» Data for this exercise
————
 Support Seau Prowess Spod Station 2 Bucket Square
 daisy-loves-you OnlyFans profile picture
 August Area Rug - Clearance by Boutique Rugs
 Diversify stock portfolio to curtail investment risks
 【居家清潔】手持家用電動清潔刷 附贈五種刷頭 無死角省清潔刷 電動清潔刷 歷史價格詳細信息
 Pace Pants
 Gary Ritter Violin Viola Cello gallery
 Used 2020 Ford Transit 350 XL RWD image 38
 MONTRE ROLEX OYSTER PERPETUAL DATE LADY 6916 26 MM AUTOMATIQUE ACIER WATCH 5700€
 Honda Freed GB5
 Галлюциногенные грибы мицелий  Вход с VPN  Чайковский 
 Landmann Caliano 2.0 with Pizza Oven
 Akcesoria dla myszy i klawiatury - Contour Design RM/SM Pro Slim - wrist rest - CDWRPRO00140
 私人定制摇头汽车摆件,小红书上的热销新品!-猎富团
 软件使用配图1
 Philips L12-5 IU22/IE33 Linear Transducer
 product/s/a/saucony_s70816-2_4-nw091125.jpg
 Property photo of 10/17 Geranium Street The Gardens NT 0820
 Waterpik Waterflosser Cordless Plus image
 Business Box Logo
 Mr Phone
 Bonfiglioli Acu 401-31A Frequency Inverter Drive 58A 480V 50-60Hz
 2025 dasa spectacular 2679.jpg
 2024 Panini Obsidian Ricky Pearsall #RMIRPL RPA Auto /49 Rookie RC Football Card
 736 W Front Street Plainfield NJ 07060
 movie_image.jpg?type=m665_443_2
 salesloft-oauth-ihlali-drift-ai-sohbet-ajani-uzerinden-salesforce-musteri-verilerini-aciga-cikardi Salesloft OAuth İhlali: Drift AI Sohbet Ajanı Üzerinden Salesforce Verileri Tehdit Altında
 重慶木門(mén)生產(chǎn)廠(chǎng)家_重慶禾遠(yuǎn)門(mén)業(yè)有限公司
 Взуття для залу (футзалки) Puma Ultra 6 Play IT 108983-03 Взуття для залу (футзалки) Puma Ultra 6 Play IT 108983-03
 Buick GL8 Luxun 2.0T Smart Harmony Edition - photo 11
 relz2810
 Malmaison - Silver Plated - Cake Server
————
» What to produce
Set the records above down again. Match them exactly.

» Exercise response
 Support Seau Prowess Spod Station 2 Bucket Square
 daisy-loves-you OnlyFans profile picture
 August Area Rug - Clearance by Boutique Rugs
 Diversify stock portfolio to curtail investment risks
 【居家清潔】手持家用電動清潔刷 附贈五種刷頭 無死角省清潔刷 電動清潔刷 歷史價格詳細信息
 Pace Pants
 Gary Ritter Violin Viola Cello gallery
 Used 2020 Ford Transit 350 XL RWD image 38
 MONTRE ROLEX OYSTER PERPETUAL DATE LADY 6916 26 MM AUTOMATIQUE ACIER WATCH 5700€
 Honda Freed GB5
 Галлюциногенные грибы мицелий  Вход с VPN  Чайковский 
 Landmann Caliano 2.0 with Pizza Oven
 Akcesoria dla myszy i klawiatury - Contour Design RM/SM Pro Slim - wrist rest - CDWRPRO00140
 私人定制摇头汽车摆件,小红书上的热销新品!-猎富团
 软件使用配图1
 Philips L12-5 IU22/IE33 Linear Transducer
 product/s/a/saucony_s70816-2_4-nw091125.jpg
 Property photo of 10/17 Geranium Street The Gardens NT 0820
 Waterpik Waterflosser Cordless Plus image
 Business Box Logo
 Mr Phone
 Bonfiglioli Acu 401-31A Frequency Inverter Drive 58A 480V 50-60Hz
 2025 dasa spectacular 2679.jpg
 2024 Panini Obsidian Ricky Pearsall #RMIRPL RPA Auto /49 Rookie RC Football Card
 736 W Front Street Plainfield NJ 07060
 movie_image.jpg?type=m665_443_2
 salesloft-oauth-ihlali-drift-ai-sohbet-ajani-uzerinden-salesforce-musteri-verilerini-aciga-cikardi Salesloft OAuth İhlali: Drift AI Sohbet Ajanı Üzerinden Salesforce Verileri Tehdit Altında
 重慶木門(mén)生產(chǎn)廠(chǎng)家_重慶禾遠(yuǎn)門(mén)業(yè)有限公司
 Взуття для залу (футзалки) Puma Ultra 6 Play IT 108983-03 Взуття для залу (футзалки) Puma Ultra 6 Play IT 108983-03
 Buick GL8 Luxun 2.0T Smart Harmony Edition - photo 11
 relz2810
 Malmaison - Silver Plated - Cake Server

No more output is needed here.